Duplicity Review

Duplicity
MI6 spook Ray (Owen) is seduced and outwitted by CIA honeytrapper Claire (Roberts). But they enjoy playing each other and join the private sector of corporate espionage to make off with a trade secret and a mighty pension pot... If they can resist stabbing each other in the back.

by Angie Errigo |
Published on
Release Date:

20 Mar 2009

Running Time:

125 minutes

Certificate:

12A

Original Title:

Duplicity

There's far more sarcasm than snogging in a romantic caper that reunites Closer co-stars Julia Roberts and Clive Owen for a combative round of sex, lies and betrayal. It’s also considerably more fun than their previous cinematic encounter. The con that consumes them is a good one. Having retired from their respective intelligence agencies to bankroll a lobe-trotting getaway in sexy luxury, Roberts’ Claire Stenwick and Owen’s Ray Koval get their feet under desks in the counter-intelligence departments — for such things exist, apparently — of two rival multinationals.
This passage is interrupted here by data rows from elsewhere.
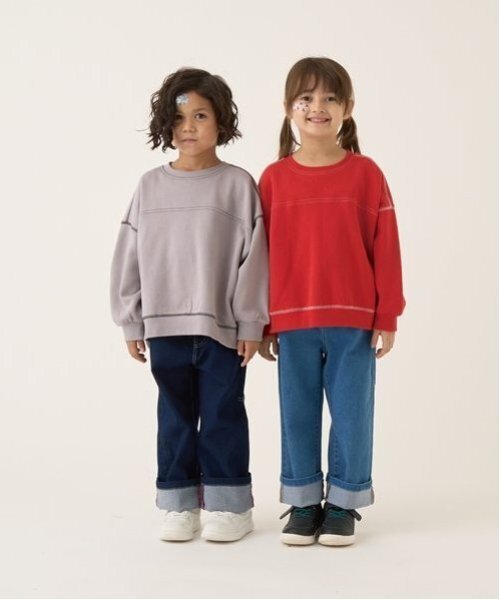 b・ROOM（ビールーム）の「【毛玉バイバイ裏起毛裏毛】ビッグシルエット配色ステッチスウェット（スウェット・キッズ・ブルーグレー/モスグリーン/レッド/ブラウン/シルバーグレー/オートミール・100cm/110cm/120cm/130cm/140cm/150cm）」の22枚目の写真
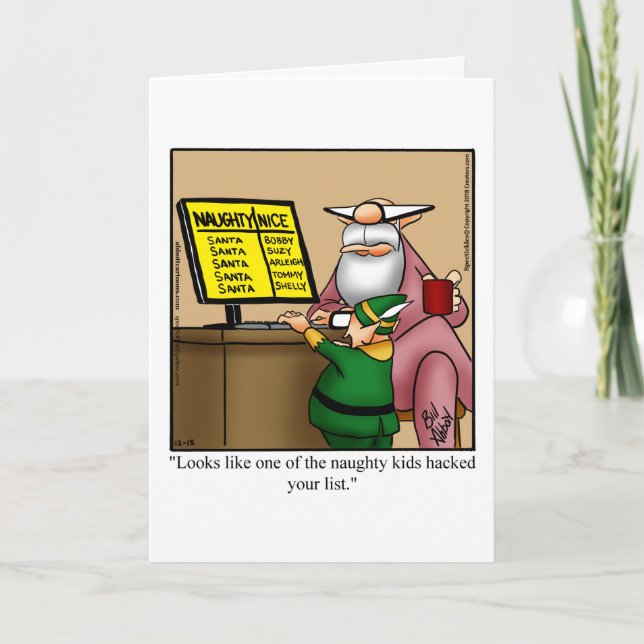 Christmas Holiday Humour Greeting Card  (Front)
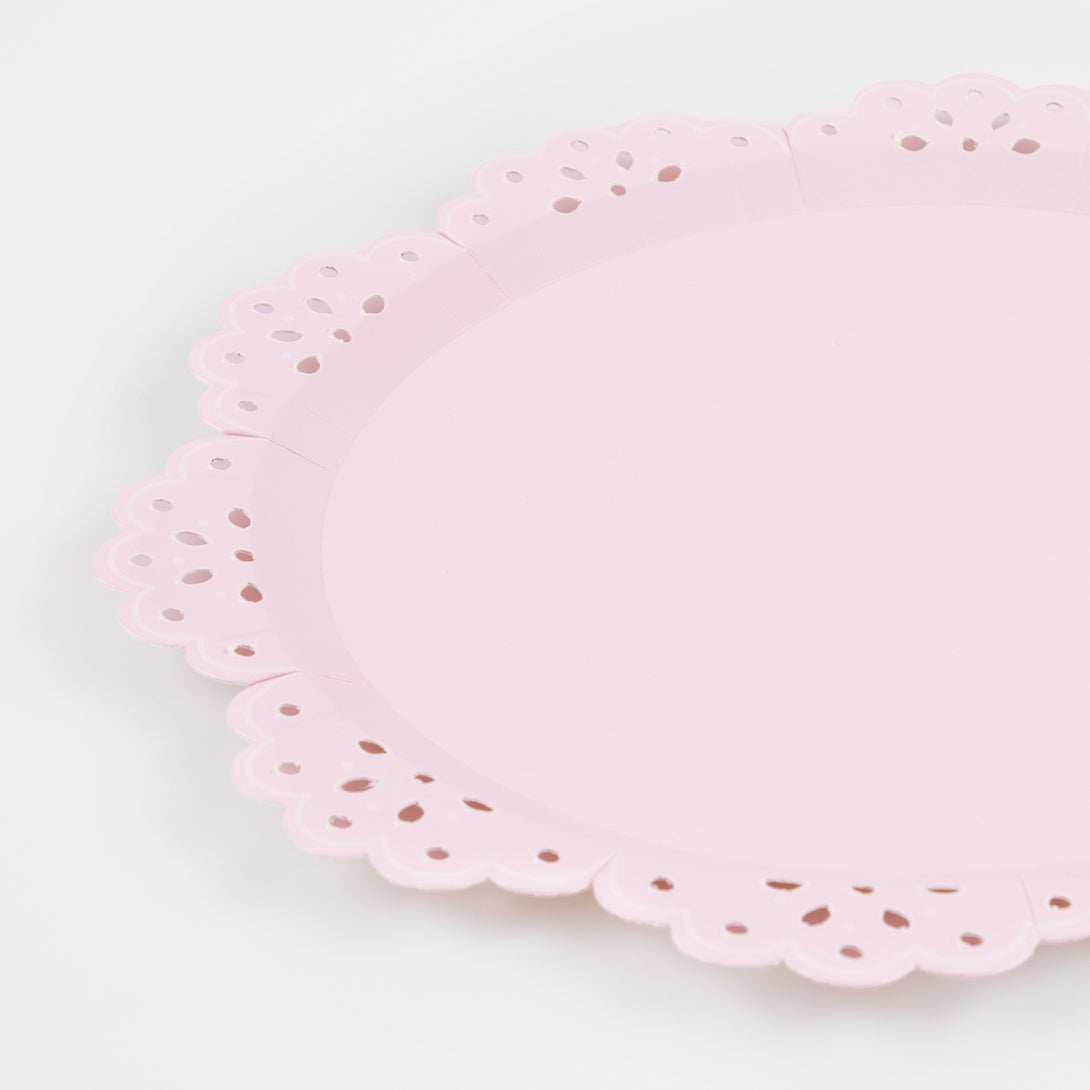 Our pink plates and peach plates, with a pretty lace design, are the perfect bridal shower plates.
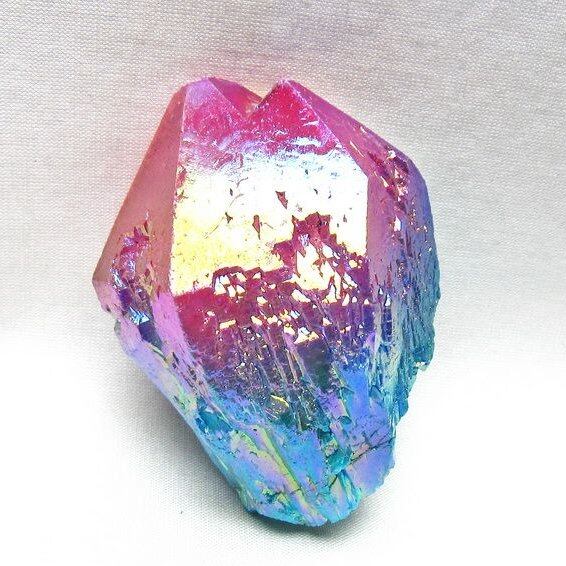 オーラクリスタル 原石 マルチカラー エレスチャル オーラ水晶 一点物 181-4699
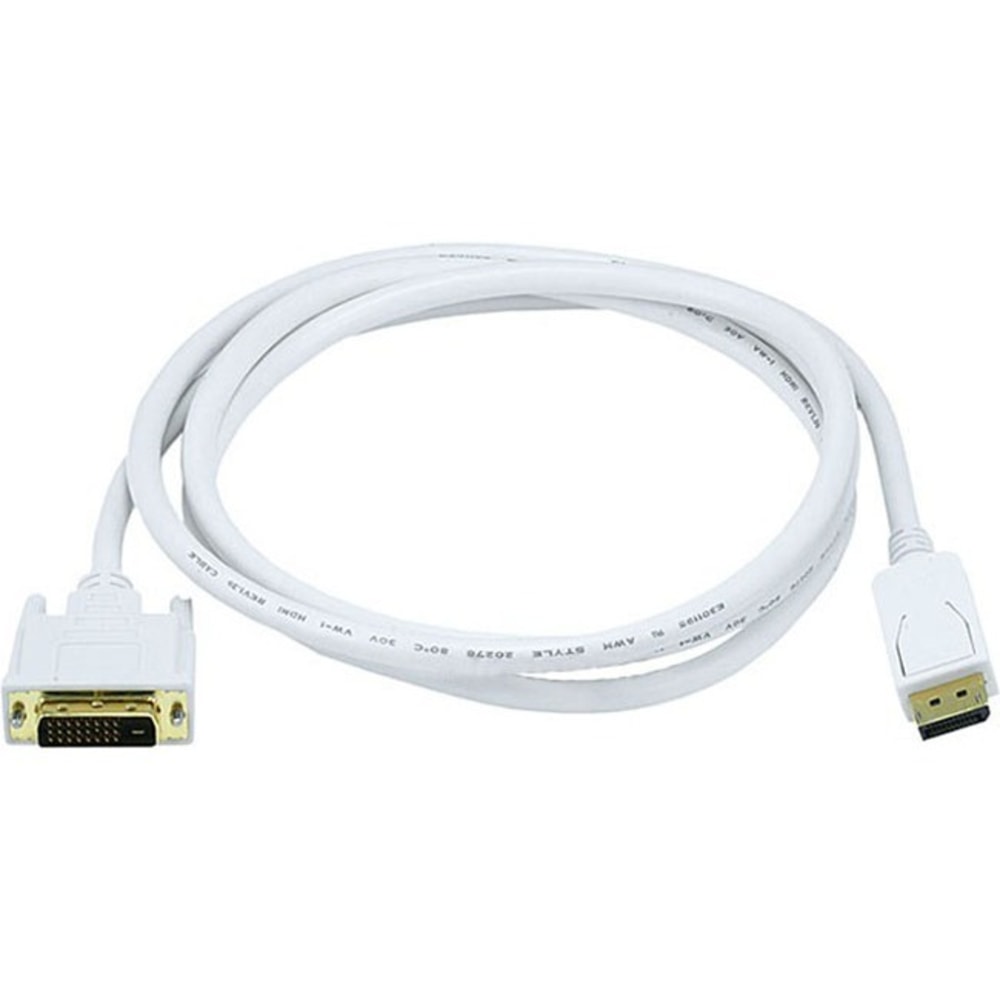 Monoprice 6ft 28AWG DisplayPort To DVI Cable, 6ft, White MPN:6015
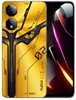 A smartphone with a futuristic yellow and black design is shown next to its screen displaying a colorful, abstract image. Produktbild-Vorschau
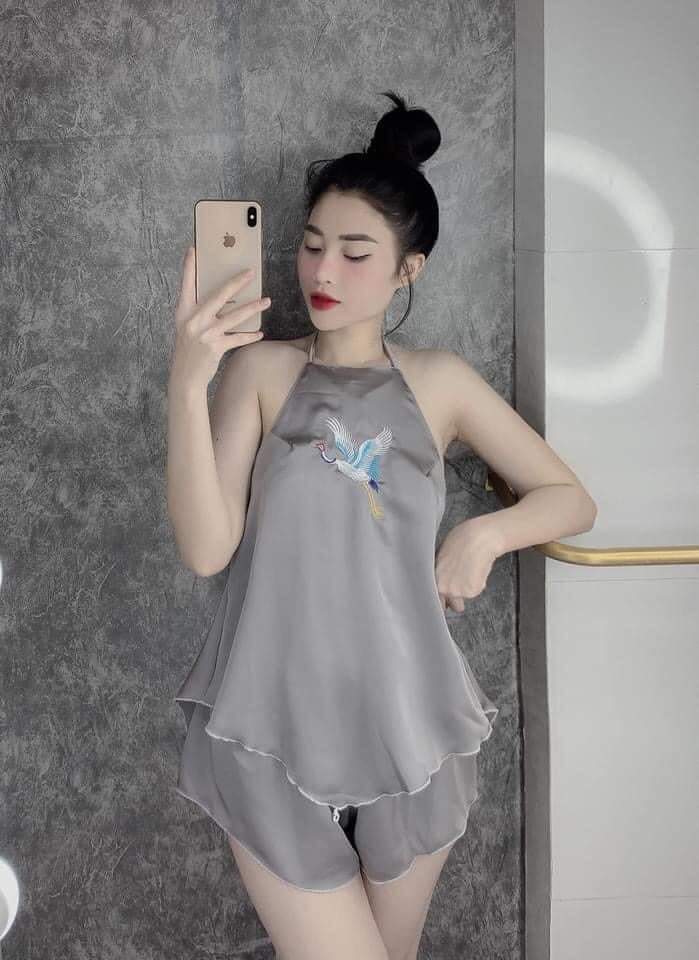 Set đồ nữ sexy -bộ ngủ lụa satin yếm đùi sexy thêu hạc Freesize < 58Kg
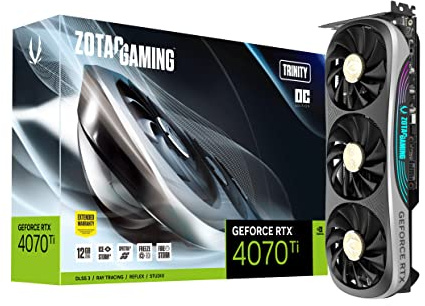 Zotac Gaming GeForce RTX 4070 Ti Trinity OC DLSS 3 12GB GDDR6X 192-bit 21 Gbps PCIE 4.0 Tarjeta gráfica para Juegos, refrigeración Avanzada IceStorm 2.0, iluminación RGB Spectra 2.0, ZT-D40710J-10P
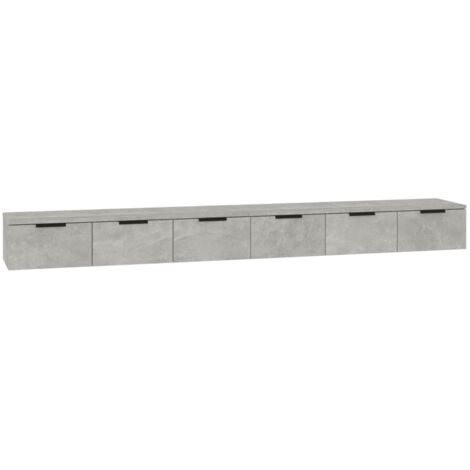 Meubles de Rangement,Armoires murales 2 pcs Gris béton 102x30x20cm Bois d'ingénierie CFW103174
Her boss is ruthless tycoon Howard Tully (Tom Wilkinson), while Ray’s employer is Tully’s brash nemesis, Dick Garsik (Paul Giamatti). These two captains of industry hate each other’s guts so much, they’ve escalated from public punch-up to financing a business war using paranoia, sleuthing, spyware and dirty tricks to foil each other in a big-money, top-secret product launch.

Writer-director Tony Gilroy ticks all the espionage escapade boxes: good-looking people, designer duds, international scenery (London, Rome, New York, the Bahamas, some place pretending to be Dubai), nifty gadgets (surveillance and code-cracking gizmos, ghosts in machines), the nimble eluding of the tail at major transport hubs, and similarly cool, sneaky stuff he deployed in the Bourne screenplays. There are no parcour or car chases, alas, but there are thongs and Champagne. It’s elegantly, expertly done.

Gilroy has gone full on for a classic caper in the Hitchcockian or Charade line of sophisticated comedy thrillers, and it is smart, slick and full of clever twists, with some witty badinage and good performances down the cast list. But to pull off an unqualified delight it is essential that the stars twinkle. Ever since Cary Grant died that has been the big problem in this genre. Clive Owen is no Cary Grant. Nobody else is either, but you definitely want more playfulness and suavity in your Armani-suited deceivers. Roberts, back after her protracted maternity leave, is also okay but not dazzling. And without giving the game away, the who-has-outsmarted-whom? finish kind of fizzles.

The chemical combustion just isn’t there between Julia and Clive, and you can’t help wondering if Gilroy wrote this with George Clooney in mind. Still, a glamorous, diverting escapade that over-30s in particular can enjoy.